O, per essere più chiari, se le graduatorie non piacciono a chi vale di più, e non piacciono affatto, perché di una lentezza disarmante e perché vanificano la selezione e sono dominate dall'arbitrio, è anche vero che queste hanno un indubbio merito: non consentono capricci o colpi di coda, che nel nostro Paese sono sempre nefasti. Ciascuno di noi professori occupa, in una graduatoria provinciale, un posto che è il frutto di un punteggio ottenuto tramite tutti i parametri previsti, laurea, abilitazione, titoli e servizi. Brutale, come ogni somma (e penso agli Esami di Stato della scuola secondaria di secondo grado), ma trasparente e, nei limiti in cui ha senso dirlo, consente anche di prevedere, se non di pianificare, un minimo la propria non-carriera docente. La paralisi di una partita non può essere combattuta con un'allegro e improvvisa, quanto irresponsabile, cannonata di nuove carte e di nuove regole.
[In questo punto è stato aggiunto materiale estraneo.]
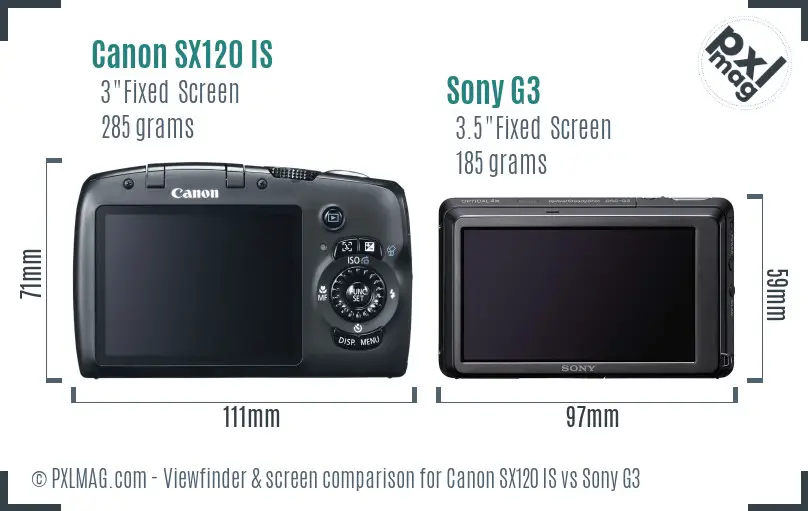 Canon SX120 IS vs Sony G3 Screen and Viewfinder comparison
Nessuna delle persone che io conosco e che stimo ha mai amato questa palude, per l'ovvia disinteresse nei confronti di chi si troveranno di fronte gli studenti e per l'immobilità a cui costringe il personale, ma ci hanno costretti a esserne risucchiati (per quanto mi riguarda, ormai sono dieci anni, e sono tra i meno sfortunati). Ora noi docenti ci troviamo nelle condizioni di affrontare, all'improvviso, un concorso per posti che non si sa dove siano (perché non si immettono di ruolo le prime persone in graduatoria?) e non si sa quando verranno effettivamente assegnati. Ovvero: ci troviamo immersi in una macchina infernale, in un concorsificio permanente che forse anestetizza o droga coloro che senza colpa sono in fondo a una graduatoria e che non hanno quasi mai messo piede a scuola, ma soprattutto tiene noi, che per sorte o per merito a scuola andiamo ogni giorno, in continua tensione per qualcosa che non ha fondamento e non può trovare esito positivo in tempi ragionevoli.
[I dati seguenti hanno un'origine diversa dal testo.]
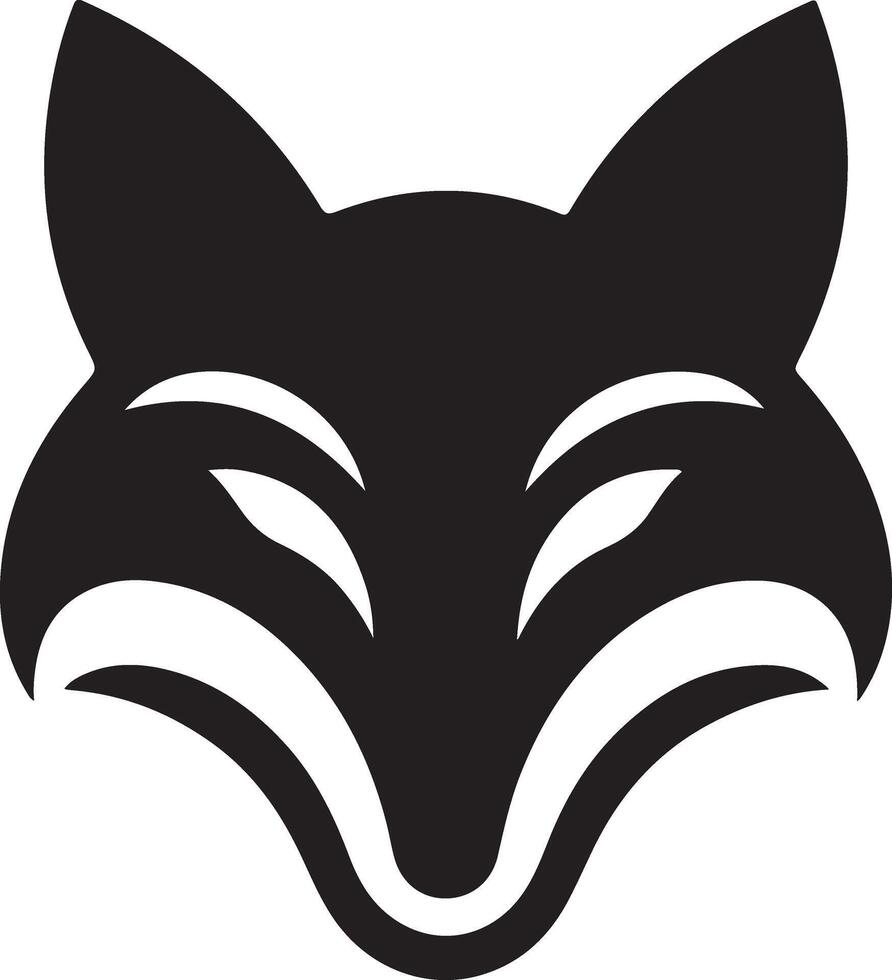 Fox head silhouette illustration set vector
Su quali basi un funzionario pubblico in un governo tecnico, insediatosi per un tempo breve per rimediare ai problemi in atto e chiaramente senza nessuna possibilità di programmazione a lunga scadenza, su quali basi una persona che a noi docenti chiede il sacrificio di lavorare gratis per sei ore frontali in più (che significano almeno altrettante ore di lavoro a casa) ci sottopone a questa macelleria sociale? E un professionista, un laureato (le lauree fanno parte del sistema di istruzione che lei gestisce, Prof. Profumo, dovete decidere se vi servono i grandi numeri o la selezione e la qualità), una persona che lavora tutti i giorni per un misero stipendio e pur con le penalizzazioni economiche dei liberi professionisti, una persona che si coltiva giorno dopo giorno... come dovrebbe affrontare una persona un concorso che ha tutta l'aria di essere una roulette russa, compiti per cui i commissari che correggono le prove (si presume di un certo impegno - e comunque di impegno inconsueto) vengono pagati 50 centesimi a compito e, per di più, con criteri di valutazione che le singole commissioni possono adattarsi a proprio genio?